Sydney Zamora is a brash, calculating and unrepentant heroine who is quick to drop a suitor and curse him out as she extracts herself from the date. Is she the new prototype for chick lit characters?
With her new novel, Feminista, author Erica Kennedy seeks to use Zamora's story as a springboard to pioneer a brand new genre: "bitch lit." And not a moment too soon. Chick lit, the popular and fluffy genre geared toward women readers, is having a bit of an identity crisis. Even Plum Sykes, of Bergdorf Blondes fame, is ready to throw in the towel on the genre:
[Sykes] was skeptical that a new genre of chick lit could emerge from the recession, partly because she believes we've already seen the last of the "sex and shopping book as a publishing phenomenon". She added: "Chick lit seems so out of date now. Not only because of the economic reality but because it's been done to death."
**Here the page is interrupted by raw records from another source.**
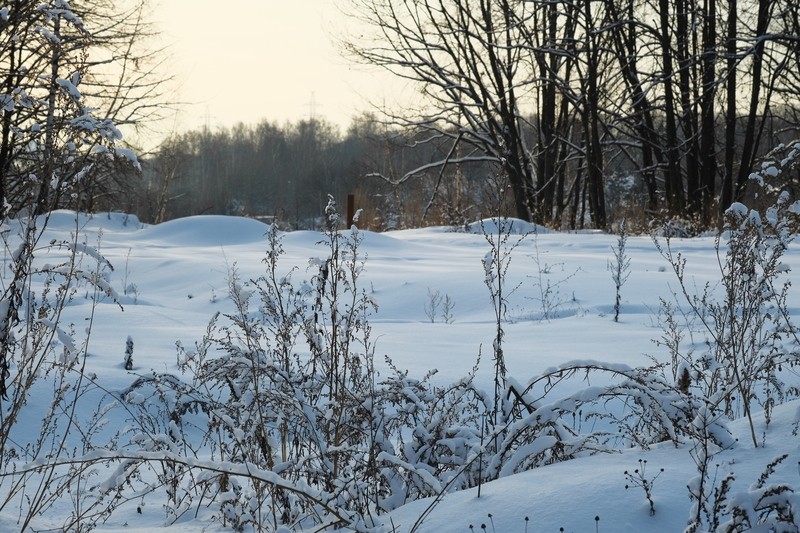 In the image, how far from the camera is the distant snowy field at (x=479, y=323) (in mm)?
1886

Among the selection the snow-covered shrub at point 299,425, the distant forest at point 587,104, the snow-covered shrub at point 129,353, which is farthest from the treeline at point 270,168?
the snow-covered shrub at point 299,425

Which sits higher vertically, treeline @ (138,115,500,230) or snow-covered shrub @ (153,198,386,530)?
treeline @ (138,115,500,230)

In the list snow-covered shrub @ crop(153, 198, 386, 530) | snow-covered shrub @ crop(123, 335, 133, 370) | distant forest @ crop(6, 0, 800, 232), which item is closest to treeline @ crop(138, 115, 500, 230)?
distant forest @ crop(6, 0, 800, 232)

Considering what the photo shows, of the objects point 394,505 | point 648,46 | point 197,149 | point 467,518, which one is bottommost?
point 394,505

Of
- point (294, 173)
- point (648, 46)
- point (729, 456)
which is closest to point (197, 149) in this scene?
point (294, 173)

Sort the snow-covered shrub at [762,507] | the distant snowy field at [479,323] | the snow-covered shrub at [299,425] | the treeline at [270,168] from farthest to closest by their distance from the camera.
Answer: the treeline at [270,168]
the snow-covered shrub at [299,425]
the distant snowy field at [479,323]
the snow-covered shrub at [762,507]

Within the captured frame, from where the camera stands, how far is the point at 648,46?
46.7 feet

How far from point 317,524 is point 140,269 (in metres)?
8.00

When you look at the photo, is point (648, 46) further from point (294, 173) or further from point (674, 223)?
point (294, 173)

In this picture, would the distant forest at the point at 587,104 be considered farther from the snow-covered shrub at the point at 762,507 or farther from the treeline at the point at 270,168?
the treeline at the point at 270,168

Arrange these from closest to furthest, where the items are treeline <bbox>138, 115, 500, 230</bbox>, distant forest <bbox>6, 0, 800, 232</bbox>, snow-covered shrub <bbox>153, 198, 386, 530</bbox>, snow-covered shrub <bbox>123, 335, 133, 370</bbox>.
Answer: snow-covered shrub <bbox>153, 198, 386, 530</bbox>, snow-covered shrub <bbox>123, 335, 133, 370</bbox>, distant forest <bbox>6, 0, 800, 232</bbox>, treeline <bbox>138, 115, 500, 230</bbox>

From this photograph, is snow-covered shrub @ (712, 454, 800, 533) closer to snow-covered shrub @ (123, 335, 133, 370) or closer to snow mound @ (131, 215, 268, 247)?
snow-covered shrub @ (123, 335, 133, 370)

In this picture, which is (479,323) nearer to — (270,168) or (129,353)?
(129,353)

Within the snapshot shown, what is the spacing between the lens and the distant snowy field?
189 cm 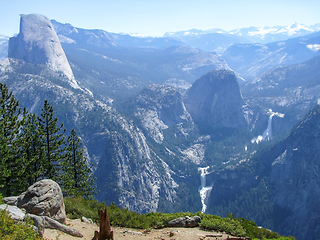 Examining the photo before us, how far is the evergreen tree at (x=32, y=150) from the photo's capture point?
3209 centimetres

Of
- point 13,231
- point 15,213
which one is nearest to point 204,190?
point 15,213

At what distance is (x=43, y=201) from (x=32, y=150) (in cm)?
1706

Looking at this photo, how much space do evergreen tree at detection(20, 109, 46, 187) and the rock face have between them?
13374 mm

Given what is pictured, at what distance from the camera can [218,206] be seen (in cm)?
14438

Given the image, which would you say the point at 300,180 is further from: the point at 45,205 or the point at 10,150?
the point at 45,205

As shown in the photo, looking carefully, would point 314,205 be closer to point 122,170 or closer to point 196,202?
point 196,202

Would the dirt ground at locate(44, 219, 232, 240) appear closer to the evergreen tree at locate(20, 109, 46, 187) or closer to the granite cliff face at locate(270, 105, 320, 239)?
the evergreen tree at locate(20, 109, 46, 187)

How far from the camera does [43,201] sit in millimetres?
18875

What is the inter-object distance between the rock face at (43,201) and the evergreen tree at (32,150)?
527 inches

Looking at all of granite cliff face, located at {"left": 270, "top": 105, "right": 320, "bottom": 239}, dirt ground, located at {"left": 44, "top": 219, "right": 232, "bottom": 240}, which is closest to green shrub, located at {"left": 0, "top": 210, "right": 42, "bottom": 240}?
dirt ground, located at {"left": 44, "top": 219, "right": 232, "bottom": 240}

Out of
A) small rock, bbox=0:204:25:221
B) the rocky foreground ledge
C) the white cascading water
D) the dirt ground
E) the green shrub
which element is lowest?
the white cascading water

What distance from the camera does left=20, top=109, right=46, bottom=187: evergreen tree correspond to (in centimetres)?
3209

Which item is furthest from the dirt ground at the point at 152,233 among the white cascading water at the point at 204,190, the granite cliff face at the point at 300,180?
the white cascading water at the point at 204,190

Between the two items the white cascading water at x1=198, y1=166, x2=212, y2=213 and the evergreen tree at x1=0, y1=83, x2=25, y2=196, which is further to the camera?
the white cascading water at x1=198, y1=166, x2=212, y2=213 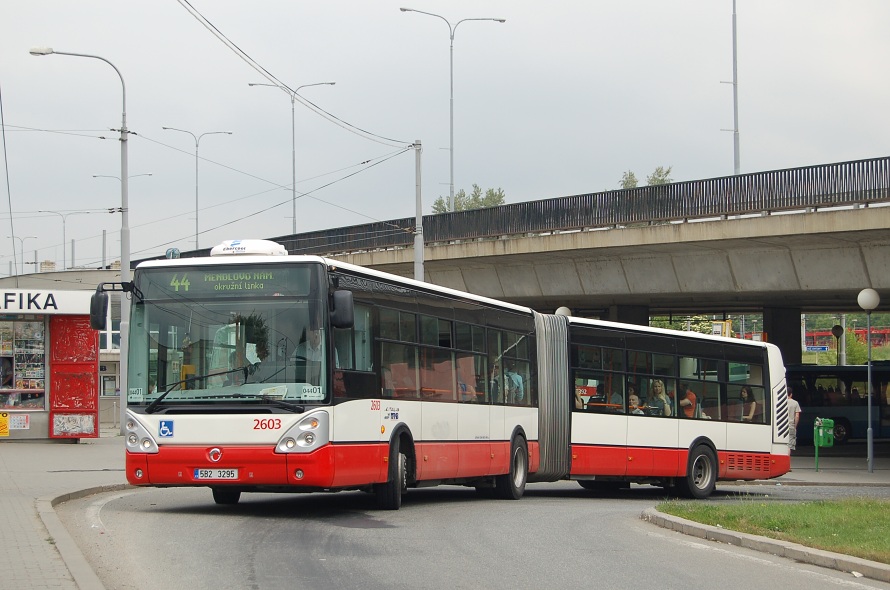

The recession hit, taking the sugary tales of credit card backed retail therapy with it and leaving authors in a panic. Would people still relate to their characters if they stopped living charmed lives? For some reason, publishers seem to think "recessionista reads" are the next hot trend. I'm fairly skeptical, myself - after all, half the fun of a fluffy novel is the escape from reality.
Lakshmi Chaudhry agrees in a sense, writing for LiveMint.com:
The literary problem with the current economic debacle is that its architects are irremediably inane, self-absorbed and shallow-and, therefore, perfect for chick lit-the first fictional genre to wholeheartedly embrace the recession. Hedge Fund Wives by Tatiana Boncompagni, Social Lives by Wendy Walker, The Penny Pinchers Club by Sarah Strohmeyer and The Summer Kitchen by Karen Weinreb detail the travails of affluent women suddenly burdened with shrinking bank balances and AWOL or, worse, imprisoned banker husbands.
What's a Fifth Avenue socialite to do? Tap into her girl power, of course. "One of the big motifs in these books is a sort of empowerment," says Jonathan Segura, an editor at Publishers Weekly, who told The New York Times, "Swathed in Gucci, Prada and what not, their protagonists realign their priorities and realize, ‘Oh, I don't need that Givenchy gown. I can look great in Eileen Fisher, too'". Sacrifice, it's the American way!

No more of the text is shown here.